We skip over the funeral and go right into the wake at the Palmer home. There is plenty of food and it seems the whole stinking town showed up. Makes you wonder what type of people we’re dealing with, right? Donna tells Ed that the whole town is falling apart and that James blames himself for Laura and Donna’s death. Cooper is sad to leave Twin Peaks and Major Briggs invites Cooper on a fishing trip. We still have our comedic moments with Mayor Milford and brother Dougie. These old coots reminded me of the “Muppet Show” characters, Statler and Waldorf with their squabbling.
And then, we have crazy Nadine, who is wearing patent leather shoes and worried about people seeing her panties.This scene was funny because it reminded me of my high school days. I went to an all-girls-Catholic-high-school. Every Saturday night, the all-boys-Catholic-high-school hosted dances. The girls were forbidden to wear shiny shoes. I kid you not! And, when we slowed danced, a priest would walk around and make sure there was sufficient space between dance partners. I guess Nadine will be filling in the void left by Leland because Ed and Dr. Jacoby enroll our little nut case into high school. Apparently, Nadine’s super strength makes her a big hit with the cheerleaders.
Audrey comes to say goodbye.

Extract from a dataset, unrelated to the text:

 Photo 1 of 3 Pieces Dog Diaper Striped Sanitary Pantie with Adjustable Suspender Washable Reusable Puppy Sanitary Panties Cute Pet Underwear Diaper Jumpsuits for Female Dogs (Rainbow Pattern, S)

Cooper saved her life, but she’s too young and he won’t take the hint. He’s afraid of hurting Audrey. The last woman he loved was a material witness to a federal crime. She died in his arms and Cooper was badly injured and his partner, Windom Earle, lost his mind. Audrey will settle for friendship, but she reminds him that she’s growing up and he’d better watch out.
Bobby wants to move up in the world by blackmailing Ben Horn. Shelly is stuck taking care of Leo and she’s not a happy camper. Audrey gets Bobby in to see daddy, but after Bobby is thrown out, the two kids go for ice cream.
When Catherine shows up in Harry’s office and he says, “Excuse me, but aren’t you dead?” I cracked up. This show is crazy. Catherine claims she hid in a summer cabin while surviving on canned food. When Harry asks, “What made you come back?” She says, “I ran out of tuna fish.” I’m glad Lynch and Frost were keeping the comedy going in the show like the scene with Dick, Lucy and Andy all discussing the baby while standing on a ladder.
Everything about this episode was okay, slow, but okay. There were some unexpected surprises: Norma’s mother revealing she’s MT Wents the food critic; seeing the comatose Leo move the wheelchair; Hank, Ernie and Renault scheming against Cooper; Josie comes back to Harry.
What I didn’t like about this episode was the unexplainable reason for Cooper’s suspension. Special Agent Roger Hardy, accompanied by a Canadian Mountie suspended Cooper without pay for crossing the border to save Audrey? Why write this stupid plot into the script. Cooper saved a kidnapped girl and broke up a prostitution ring. He was accompanied by local lawmen. None of this made sense, unless David Lynch needed a reason to keep Cooper in Twin Peaks, but even then, it made no sense. Harry’s rebuttal to the asinine charges echoed my feelings about the whole scene. Plus the Mountie and Renault are working together to frame Cooper. What?
What I did enjoy was the fishing scene with Cooper and Major Briggs. While sitting around a campfire, Briggs and Cooper talk about Bob. Briggs asks Cooper if he had heard of the White Lodge. It’s too bad that Cooper picked that moment to take a pee, because whatever was in the woods took the Major and, I don’t think it was an alien abduction.
I didn’t forget the Trivia Question: When did the cast learn of the killer’s identity?
Answer: I went to Andy Burns, Biff Bam Pop’s fearless leader and the author of Wrapped in Plastic; Twin Peaks. This is what he had to say: “I believe the actors who played Laura, Ben, BOB and Leland only found out the day of shooting.”